SUPPLIED RECORDS
=== Begin Enclosure ===

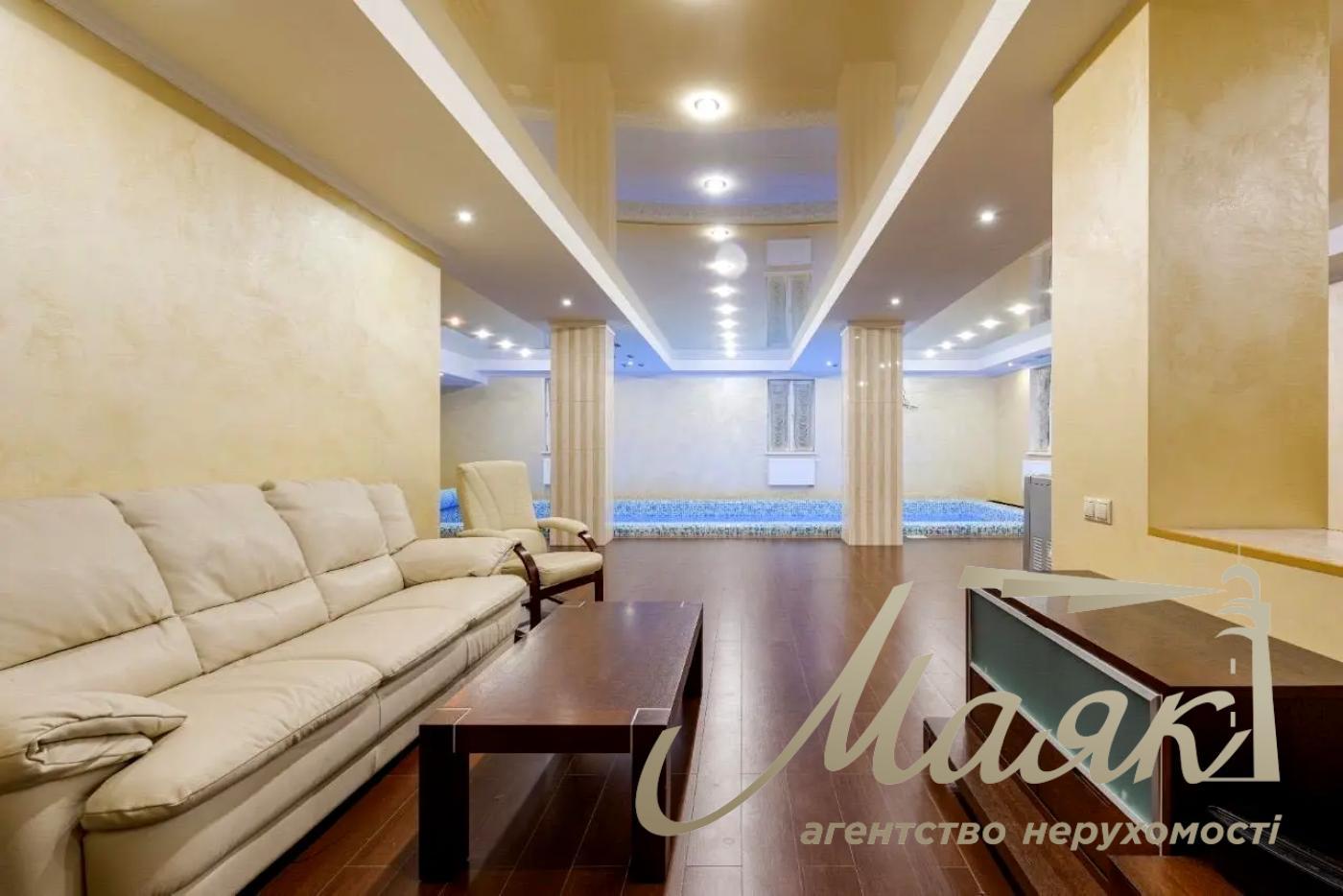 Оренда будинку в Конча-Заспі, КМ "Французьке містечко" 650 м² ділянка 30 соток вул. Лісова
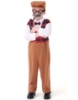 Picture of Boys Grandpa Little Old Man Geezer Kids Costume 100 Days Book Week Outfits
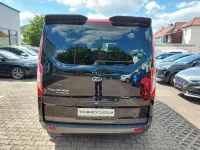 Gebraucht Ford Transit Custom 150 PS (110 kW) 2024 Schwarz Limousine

=== End Enclosure ===
=== Begin Enclosure ===

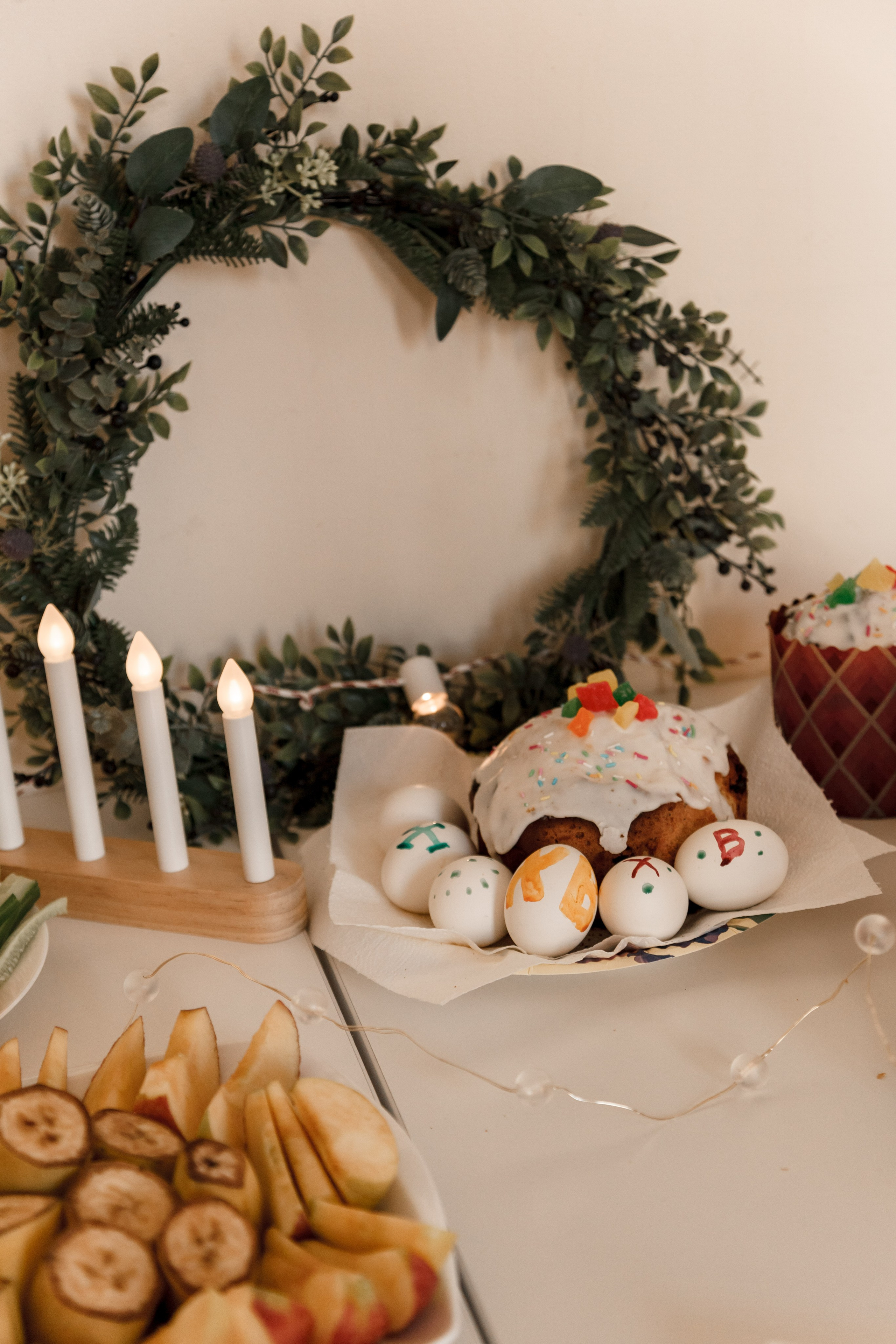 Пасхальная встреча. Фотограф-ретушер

=== End Enclosure ===
=== Begin Enclosure ===

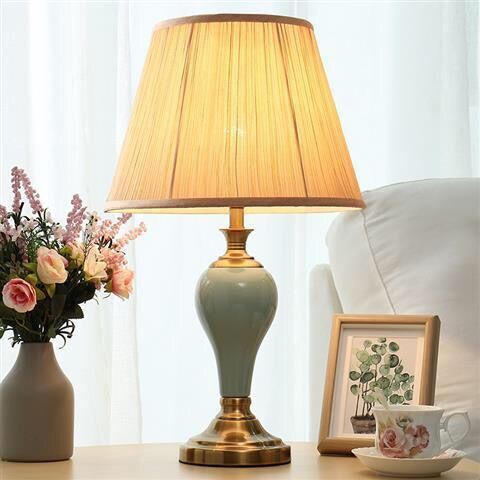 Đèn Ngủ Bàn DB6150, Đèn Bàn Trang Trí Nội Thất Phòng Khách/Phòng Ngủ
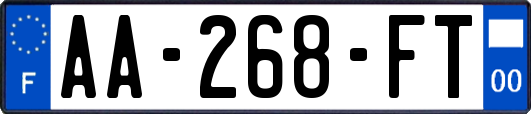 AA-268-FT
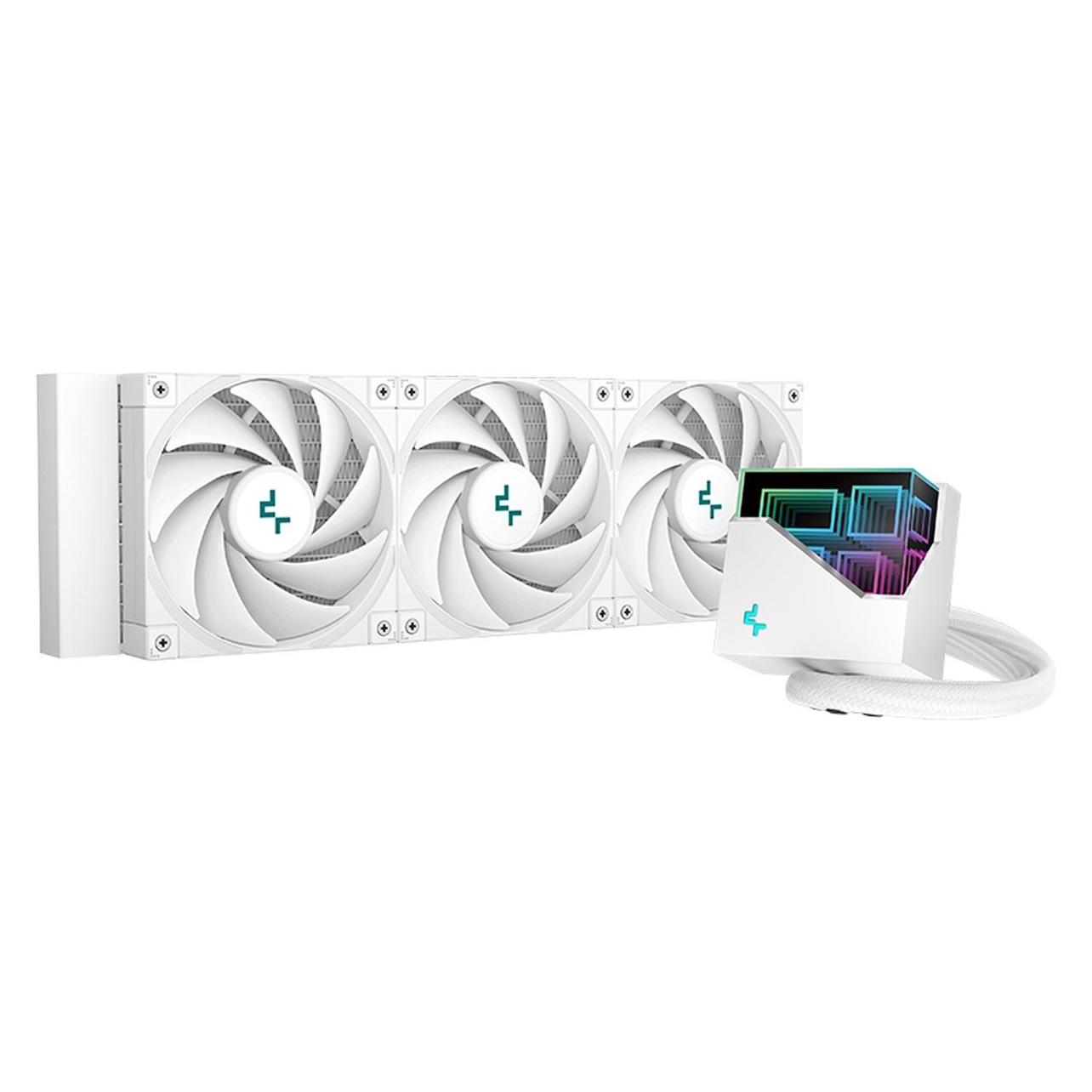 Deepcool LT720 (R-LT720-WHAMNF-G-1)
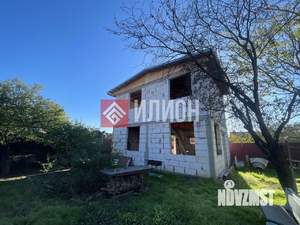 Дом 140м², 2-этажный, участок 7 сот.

=== End Enclosure ===

YOUR GOAL
Copy exactly the lines of the listing above between the one holding "Picture of Boys" and the one holding "Gebraucht Ford Transit", inclusive; omit all pictures.

YOUR SOLUTION
 Picture of Boys Grandpa Little Old Man Geezer Kids Costume 100 Days Book Week Outfits
 Gebraucht Ford Transit Custom 150 PS (110 kW) 2024 Schwarz Limousine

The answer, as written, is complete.